В те времена они отчаянно шутили над невероятной физической силой Кена и над тем, как методически упражнял он свое огромное тело, делая отжимания на пляже и подтягиваясь на ветках деревьев. Больше всего они смеялись над его серьезным отношением к девушкам, особенно к Сильвии. Кен казался неспособным к легкому флирту, светской беседе, шуткам. Пытаясь проявить галантность, он всегда торопился открыть перед девушкой дверь, поднести огонь к ее сигарете и вставал даже тогда, когда в комнату входила простая горничная. Девушки вскоре обнаружили, ЧТО им достаточно пристально посмотреть на него, чтобы заставить покраснеть. В разговоре с ними, в особенности с Сильвией, он неизменно потел и время от времени заикался.

«Почему Кен Джоргенсон, – размышлял Барт, – хочет приехать сюда? Наверное, позлорадствовать, и в этом есть что-то особенно уродливое. Сукин сын прослышал, что я разорился в пух и прах и держу дом как гостиницу, и сказал себе: черт возьми, пожалуй, я приеду и поживу там: может, старина Барт Хантер поднесет мои чемоданы, а я дам ему на чай. Что ж, у него есть повод для торжества – он возвращается в своем величии, чтобы убедиться в нашем поражении».

Бартон Хантер не хотел прослыть снобом. Он прекрасно это осознавал: пытаясь побороть в себе снобизм, равно как и склонность к спиртному, одинаково презирал оба недуга и одинаково не мог устоять против каждого из них. В приступе нерешительности Барт пошел на кухню, где Сильвия, склонившись над столом, помогала повару делать пироги.

– Сильвия, – обратился он к жене, – помнишь того парня, Кена Джоргенсона?
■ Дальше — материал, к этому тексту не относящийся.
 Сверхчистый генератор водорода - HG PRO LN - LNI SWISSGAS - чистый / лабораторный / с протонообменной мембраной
Она повернула лицо, и получилось у нее это довольно резко. Последнее время Барт начал замечать, что нервы у нее пошаливают. Она подняла руку и отвела прядь волос, оставив на лице полоску муки. В тридцать пять лет Сильвия оставалась на удивление красивой женщиной с плотной фигурой, все еще тонкой талией и лицом, которое выглядело совсем молодым, если она не была утомлена. Правда, случалось это очень редко.

– Кен Джоргенсон! – воскликнула она. – Что это ты о нем вдруг вспомнил?
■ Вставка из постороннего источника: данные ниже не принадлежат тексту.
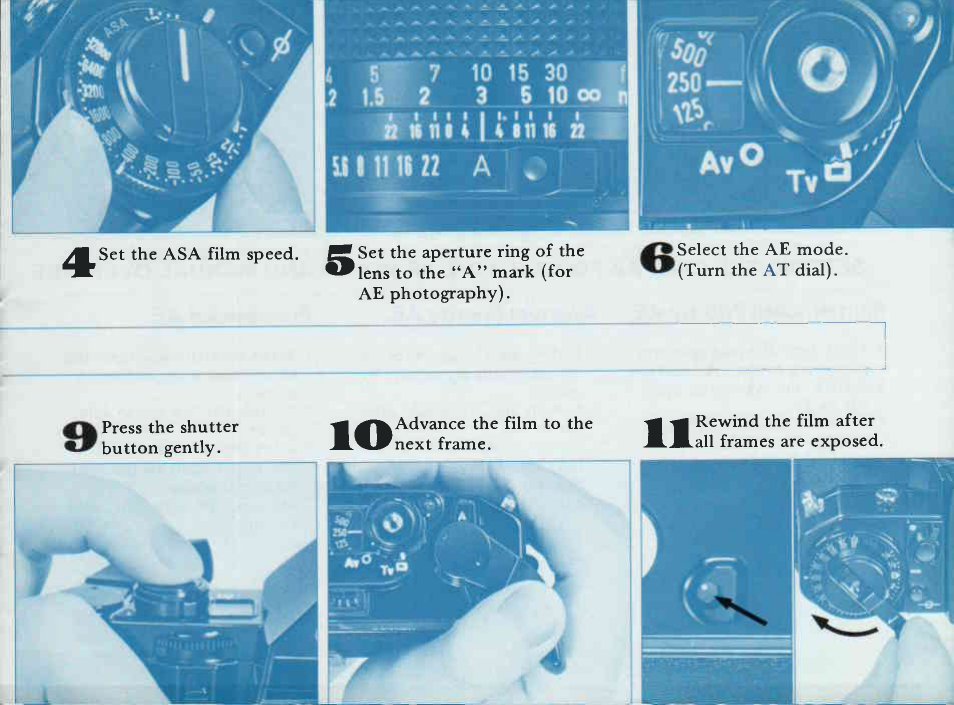 Main features, Quality from the inside out, Five ae modes and manual override | Modes and manual override | Canon A-1 User Manual | Page 11 / 181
– Он хочет приехать сюда. Просит две комнаты на август, – голос Барта прозвучал невесело.

– Любопытно, – сказала Сильвия.

– Я думал, может быть, лучше отказать ему, – Барт испытывающе посмотрел на жену.

– Почему? – иногда взгляд Сильвии удивительным образом затуманивался; вот и сейчас Барт совершенно не мог определить, о чем она думает.
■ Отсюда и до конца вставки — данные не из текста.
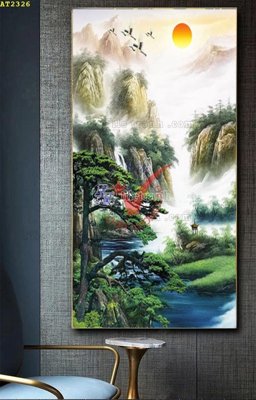 Mua file tranh gốc File tranh hiện đại Sơn Dầu AT2326 tại Filetranh.com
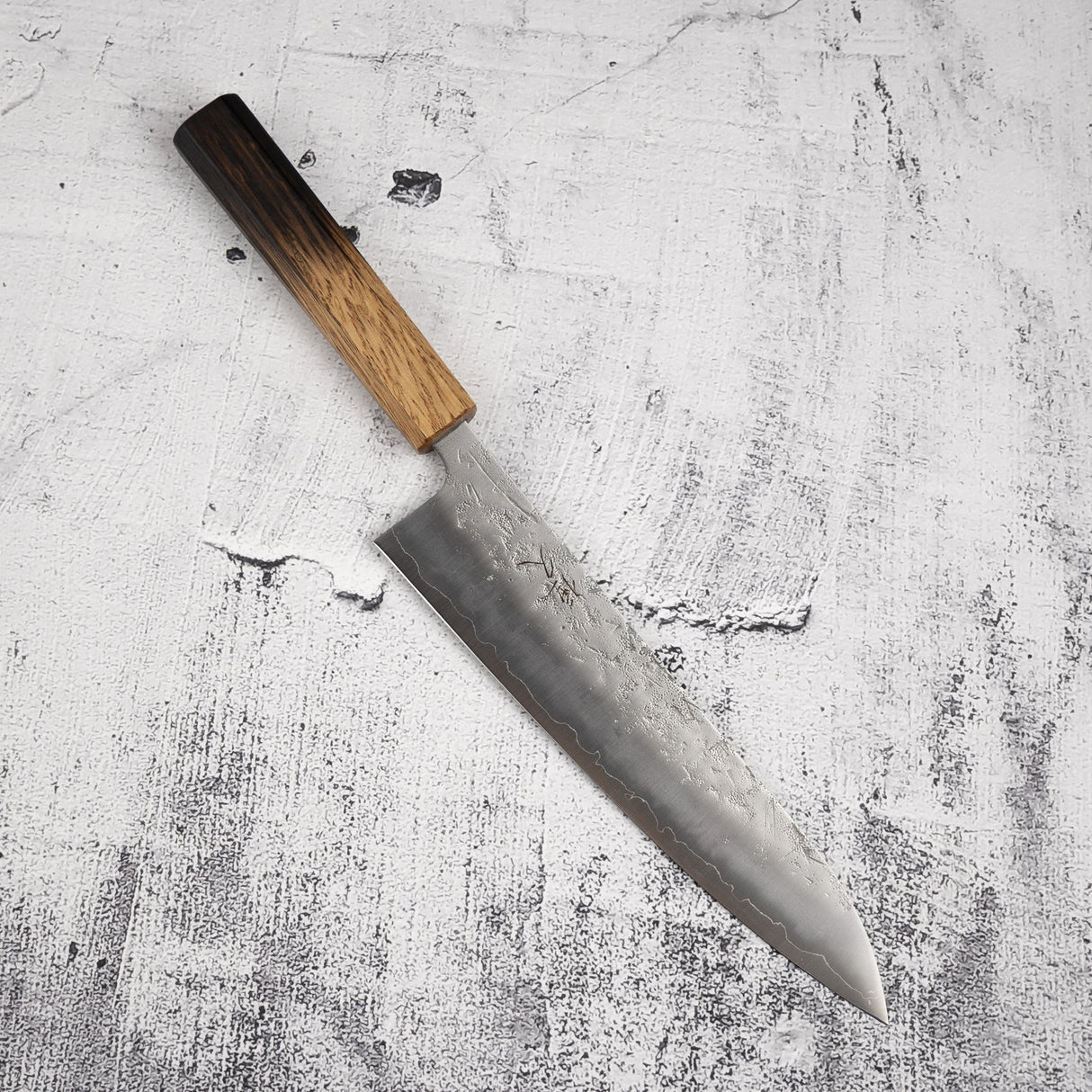 Tsunehisa SLD Washiji Gyuto 210mm Burnt Kashi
– Сильвия, тебе на все наплевать, черт возьми! Разве ты его не помнишь?

– Помню.

– Так вот, то, что он намерен приехать – уродство, ты не находишь? Любой первокурсник, изучающий психологию, скажет тебе, почему такой человек, как он, хочет…

– Если я еще хоть раз услышу слово «психология», я закричу! – перебила Сильвия. – Закричу в буквальном смысле.

– Хорошо, но…

Вошла Лилиан, чернокожая повариха, с пачкой сахара в руках.

– Давай обсудим это у себя в комнате, Барт, – сказала Сильвия.

Барт последовал за ней в их спальню над гаражом – маленькое помещение, предназначавшееся в свое время для шофера и его жены. Стены комнаты были оклеены бледно-зелеными обоями, выцветшими от дыма нового керосинового обогревателя, который делал ее обитаемой в зимнее время. Всю хорошую мебель переставили в другие комнаты, поэтому здесь почти не осталось вещей без дефектов: кувшин для воды был щербатый, на коврике виднелось чернильное пятно и даже у стула, на котором сидел Барт, подлокотник носил следы неумелого ремонта.

– Послушай, – сказала Сильвия, – мы держим гостиницу. Человек просит две комнаты, и они у нас есть. Только и всего.

– Может быть, нам придется несладко…

– Ну и что? – прервала его Сильвия. – Ну и что, Барт? Мы занимаемся бизнесом, не гак ли? Это уже не хобби. Нам нужны деньги. Давай смотреть на вещи с этой стороны, если тебе так легче.

– То, что мы потеряли деньги, вовсе не означает, что мы должны терять еще и чувство собственного достоинства.